(Data segment begins)

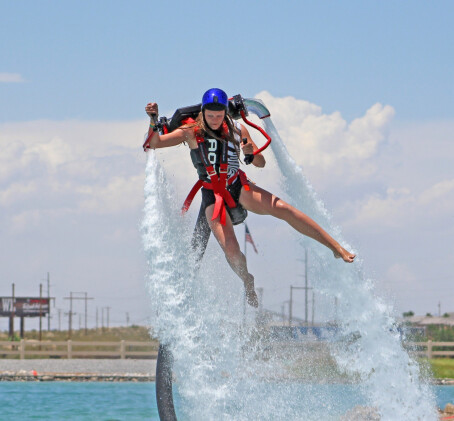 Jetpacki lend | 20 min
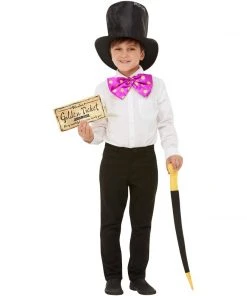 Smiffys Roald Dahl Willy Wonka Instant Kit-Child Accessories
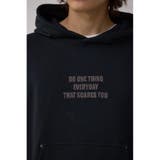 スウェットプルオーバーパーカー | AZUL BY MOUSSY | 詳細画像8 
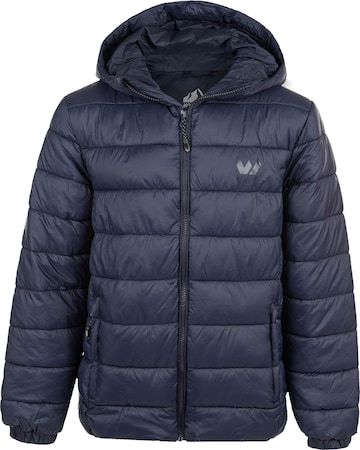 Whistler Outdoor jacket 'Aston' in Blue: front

(Data segment ends)

Work instruction:
Set down word for word the lines beginning with the one containing "スウェットプルオーバーパーカー | AZUL BY MOUSSY | 詳細画像8" and ending with the last line of the listing, inclusive. Omit every picture.

Response:
 スウェットプルオーバーパーカー | AZUL BY MOUSSY | 詳細画像8 
 Whistler Outdoor jacket 'Aston' in Blue: front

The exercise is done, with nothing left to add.